Sunday 05.26 was a day of contrasts. I started in a busy tourist town, cycled beautiful coast, crossed from the north coast to the south coast at the at Crete’s most narrow point, went through a region of huge greenhouse farms that must produce most of the country’s vegetables but has many poor workers and squalid housing, and ended the day in Mirtos, a small beach town off the main route, loved for its lack of big hotels and development.
An artist with a little shop in Mirtos pointed out to me that the wind had changed in the early evening, becoming warm and blowing down from the mountains. I asked what that meant. “Strong winds, maybe dust storms.”
Monday 05.27 I left Mirtos and went inland, into the hills, heading west. It was a long day – 92 km, hot, hilly, headwind (the wind predicted yesterday). I walked some of the steepest grades; once I drop below 8 km/h in my bottom gear it is time to walk so I don’t damage my knees. The country is agricultural, mostly olives and as the day went by, grapes. Good pavement and little traffic. I ended the day in Mires, an inland agricultural centre that is just somewhere to stop; like staying in a highway town in the BC interior. I may have been the only tourist here. Except for some Americans visiting relatives here, I did not hear a word of anything but Greek.
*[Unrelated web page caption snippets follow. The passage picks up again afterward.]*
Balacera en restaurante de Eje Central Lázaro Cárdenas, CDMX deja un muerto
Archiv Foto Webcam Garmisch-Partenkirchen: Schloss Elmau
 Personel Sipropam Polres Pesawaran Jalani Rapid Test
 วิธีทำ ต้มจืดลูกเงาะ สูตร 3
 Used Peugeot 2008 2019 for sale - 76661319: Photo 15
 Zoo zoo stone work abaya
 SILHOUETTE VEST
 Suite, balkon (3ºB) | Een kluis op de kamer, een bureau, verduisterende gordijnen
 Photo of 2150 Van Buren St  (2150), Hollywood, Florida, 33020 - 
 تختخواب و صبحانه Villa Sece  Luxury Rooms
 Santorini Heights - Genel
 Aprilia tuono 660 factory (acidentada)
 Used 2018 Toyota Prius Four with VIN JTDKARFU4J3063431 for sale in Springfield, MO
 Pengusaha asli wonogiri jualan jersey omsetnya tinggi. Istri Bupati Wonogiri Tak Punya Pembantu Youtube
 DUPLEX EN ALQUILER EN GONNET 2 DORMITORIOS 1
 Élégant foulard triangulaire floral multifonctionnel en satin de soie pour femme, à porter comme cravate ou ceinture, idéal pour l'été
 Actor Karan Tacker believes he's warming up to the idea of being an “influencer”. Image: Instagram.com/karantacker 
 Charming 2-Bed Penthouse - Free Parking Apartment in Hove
Fun to observe a Greek town going about its business.
Saw another bike tourist, the first anywhere on this trip. He looked German or Dutch; we didn’t stop, just waved from opposite sides of the road.
The mosquitos are annoying. They are small and fast. I have a strong reaction to the bites. The Greeks have not discovered the window screen, at least not in the class of hotel I frequent. But they have done without screens for thousands of years. No rush. 🙂
Tuesday 05.28 I rode northwest to cross the island again and finish in Rethymno on the north coast. It was like the previous day in some ways, hot, hilly and some walking, but not as long and the wind was a tailwind at times. It began with a fast, level 15 km ride, but then turned into a 10 km grind up a long hill. Not as long or steep as the 14 km uphill the day before. Descent into a valley, some rolling country, another long hill and finally a 6 km descent into Rethymno without any pedalling, just hanging onto the brake levers. 74 km in total.
Rethymno is a busy tourist town and port. I has an old town of narrow winding streets and a Venetian fortress. I will be off to explore shortly.